Start of Records supplied
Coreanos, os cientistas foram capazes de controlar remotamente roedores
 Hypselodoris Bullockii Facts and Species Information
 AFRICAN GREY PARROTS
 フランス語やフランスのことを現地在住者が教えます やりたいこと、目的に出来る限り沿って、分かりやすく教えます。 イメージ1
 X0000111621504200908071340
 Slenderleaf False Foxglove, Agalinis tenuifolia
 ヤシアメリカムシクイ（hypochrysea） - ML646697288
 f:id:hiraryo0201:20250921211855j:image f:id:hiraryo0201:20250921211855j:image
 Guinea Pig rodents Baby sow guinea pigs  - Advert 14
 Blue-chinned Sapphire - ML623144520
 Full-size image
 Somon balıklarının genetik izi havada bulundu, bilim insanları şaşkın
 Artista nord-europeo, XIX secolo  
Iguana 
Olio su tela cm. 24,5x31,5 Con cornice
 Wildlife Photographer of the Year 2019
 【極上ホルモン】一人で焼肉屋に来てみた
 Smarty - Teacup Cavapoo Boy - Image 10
End of Records supplied
:: What is needed ::
Nothing in the data above should change. Please copy it all.

:: Your response ::
Coreanos, os cientistas foram capazes de controlar remotamente roedores
 Hypselodoris Bullockii Facts and Species Information
 AFRICAN GREY PARROTS
 フランス語やフランスのことを現地在住者が教えます やりたいこと、目的に出来る限り沿って、分かりやすく教えます。 イメージ1
 X0000111621504200908071340
 Slenderleaf False Foxglove, Agalinis tenuifolia
 ヤシアメリカムシクイ（hypochrysea） - ML646697288
 f:id:hiraryo0201:20250921211855j:image f:id:hiraryo0201:20250921211855j:image
 Guinea Pig rodents Baby sow guinea pigs  - Advert 14
 Blue-chinned Sapphire - ML623144520
 Full-size image
 Somon balıklarının genetik izi havada bulundu, bilim insanları şaşkın
 Artista nord-europeo, XIX secolo  
Iguana 
Olio su tela cm. 24,5x31,5 Con cornice
 Wildlife Photographer of the Year 2019
 【極上ホルモン】一人で焼肉屋に来てみた
 Smarty - Teacup Cavapoo Boy - Image 10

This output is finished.